Records for the task:
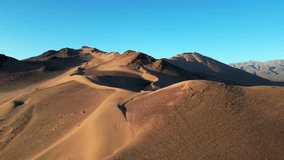 Aerial drone shot of Medanoso sand dune in the Chilean Atacama Desert glowing under golden sunset light. - Powered by Shutterstock - Get 15% off with code: PIKWIZARD15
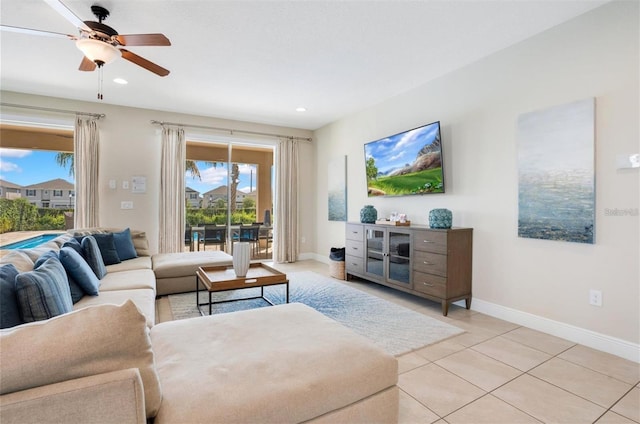 living room featuring light tile patterned floors, baseboards, a ceiling fan, and recessed lighting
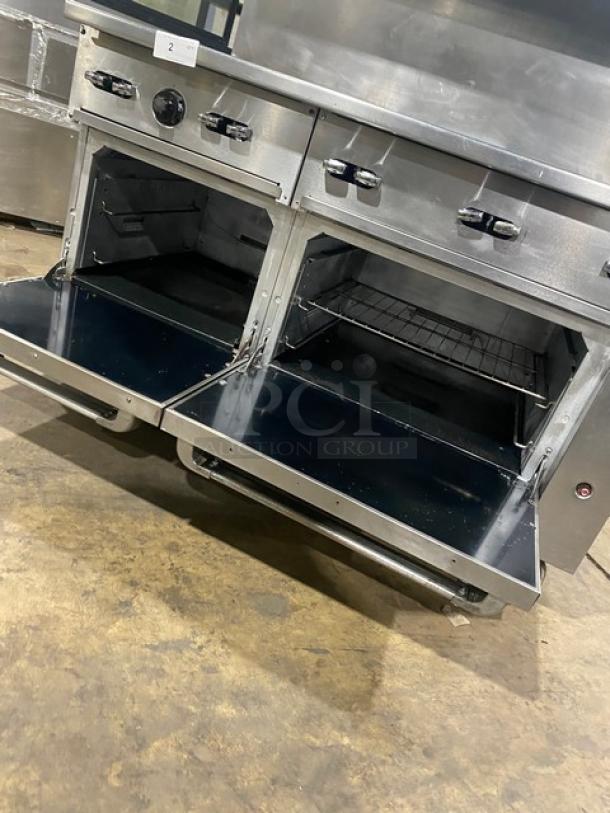 Vulcan 60SS-10BN 10-burner range/double oven; stainless steel; natural gas; with backsplash, overhead salamander shelf, wired oven rack; on casters; excellent condition.
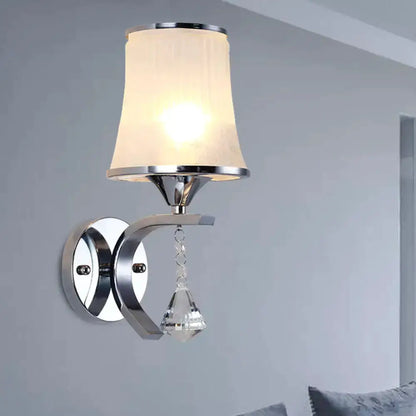 Modern chrome wall sconce with frosted glass shade and hanging crystal pendant Decorbites on Tampa Home & Garden Store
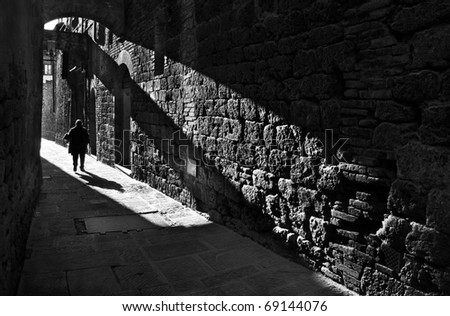 Silhouette of a pedestrian in a small street of San Gimignano , Italy, black and white photography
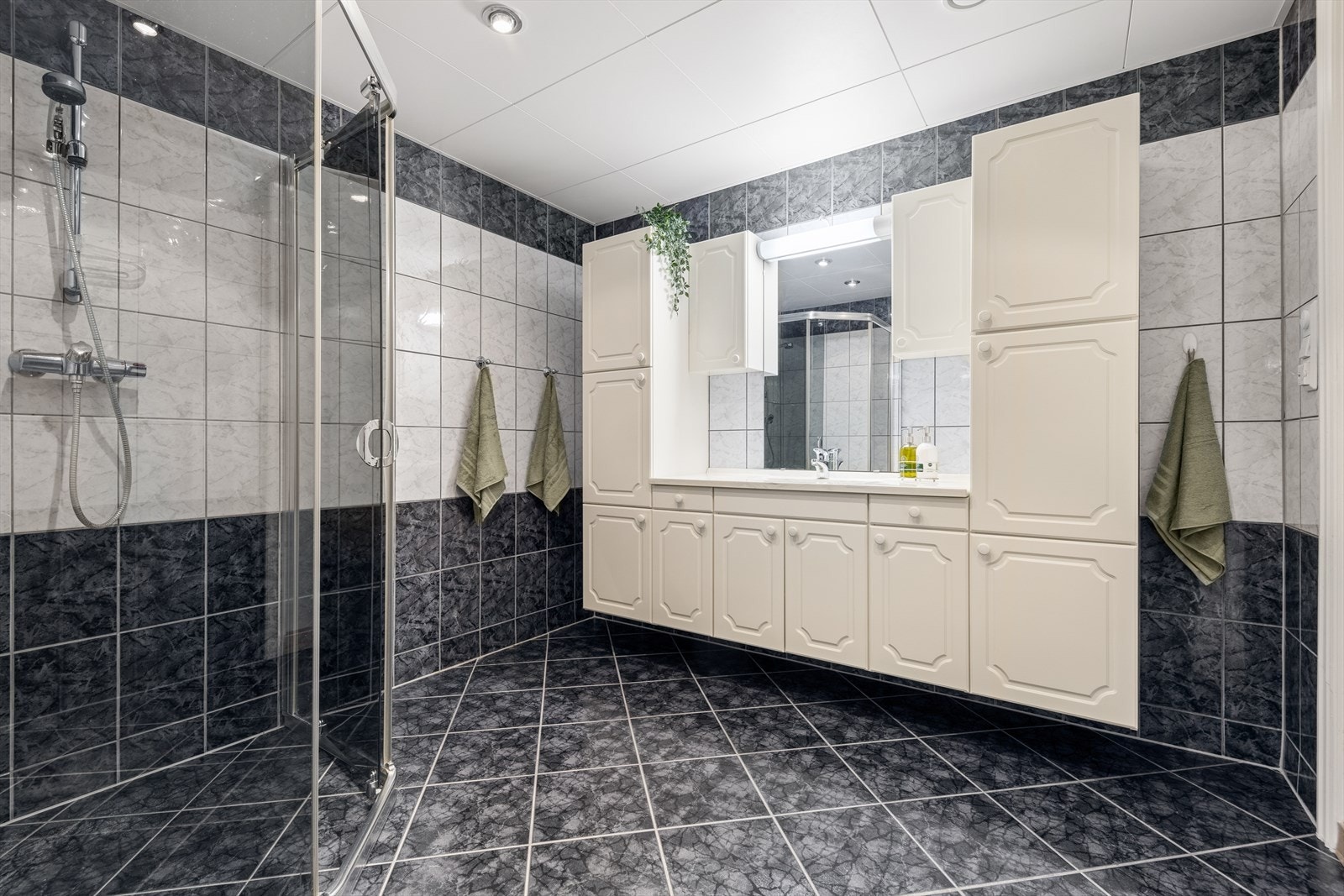 Badet er innredet med servantinnredning, speil, gulvmontert toalett og dusj med glassdører. Galleribilde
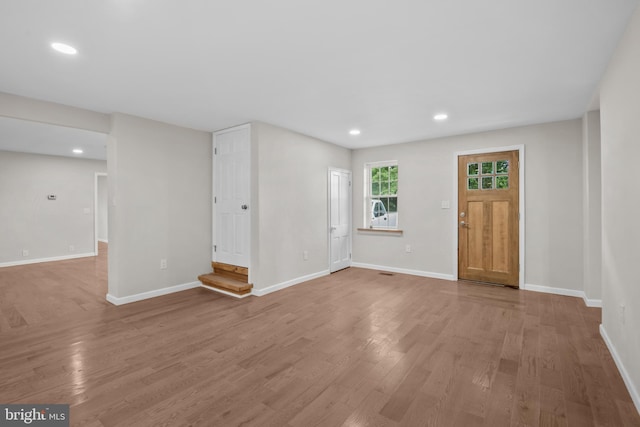 foyer entrance featuring wood-type flooring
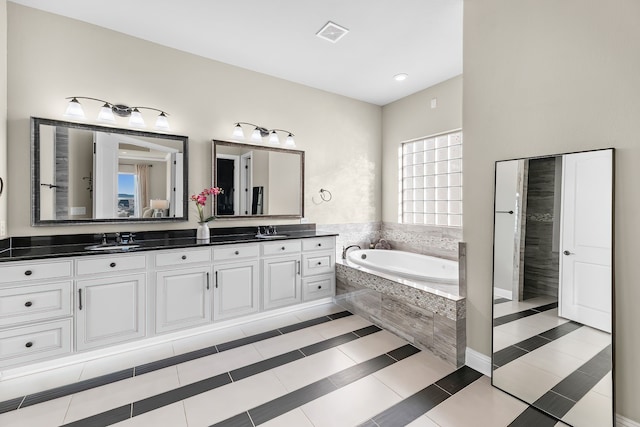 bathroom with tile patterned flooring, vanity, and a relaxing tiled tub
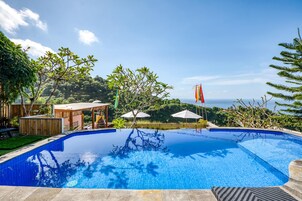 Una piscina azul cristalina con muelle de madera y sombrillas, rodeada de exuberante vegetación y vistas al océano.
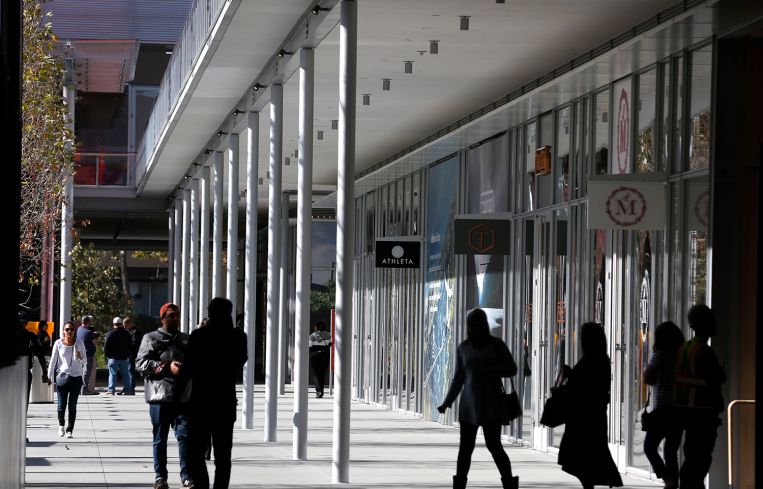 Shoppers explore the City Center Bishop Ranch outdoor shopping mall.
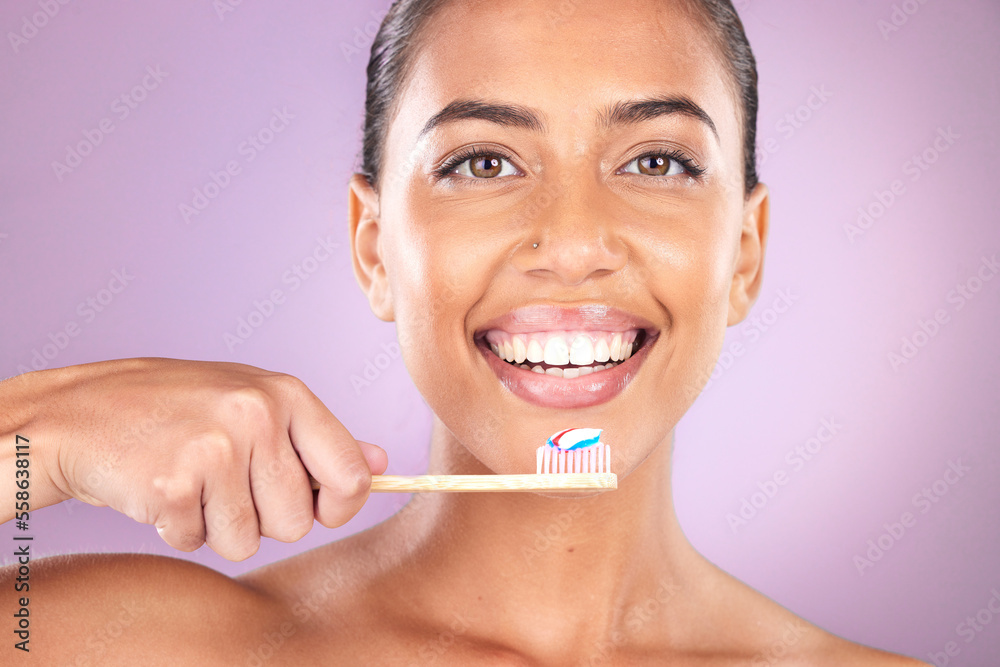 Woman, smile and toothbrush in studio portrait with self care, beauty and toothpaste for hygiene. Black woman, teeth and cleaning with organic wood brush, happy and self love by purple background Woman, smile and toothbrush in studio portrait with self care, beauty and toothpaste for hygiene. Black woman, teeth and cleaning with organic wood brush, happy and self love by purple background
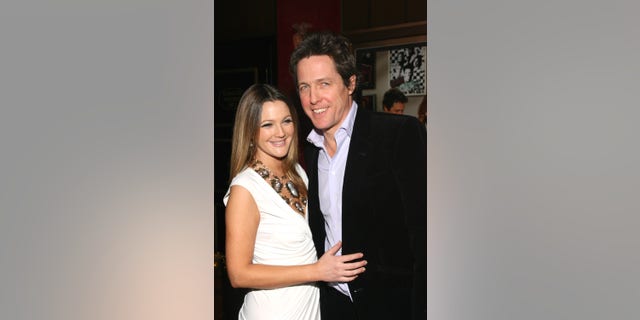 Drew Barrymore and Hugh Grant at the "Music and Lyrics" New York City Premiere.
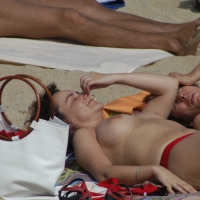 Topless girls on a beach in Barcelona 0107.jpg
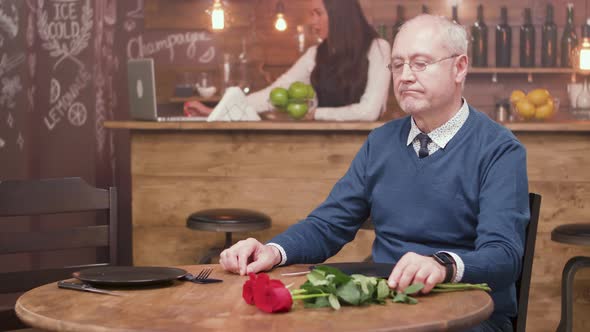 Sad Old Man Sitting at a Table in a Restaurant and Waiting for His Date alt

Task item:
Reproduce, exactly and with no pictures, the lines from the line containing "Shoppers explore the" through the closing line of the data above, keeping both ends.

Task solution:
 Shoppers explore the City Center Bishop Ranch outdoor shopping mall.
 Woman, smile and toothbrush in studio portrait with self care, beauty and toothpaste for hygiene. Black woman, teeth and cleaning with organic wood brush, happy and self love by purple background Woman, smile and toothbrush in studio portrait with self care, beauty and toothpaste for hygiene. Black woman, teeth and cleaning with organic wood brush, happy and self love by purple background
 Drew Barrymore and Hugh Grant at the "Music and Lyrics" New York City Premiere.
 Topless girls on a beach in Barcelona 0107.jpg
 Sad Old Man Sitting at a Table in a Restaurant and Waiting for His Date alt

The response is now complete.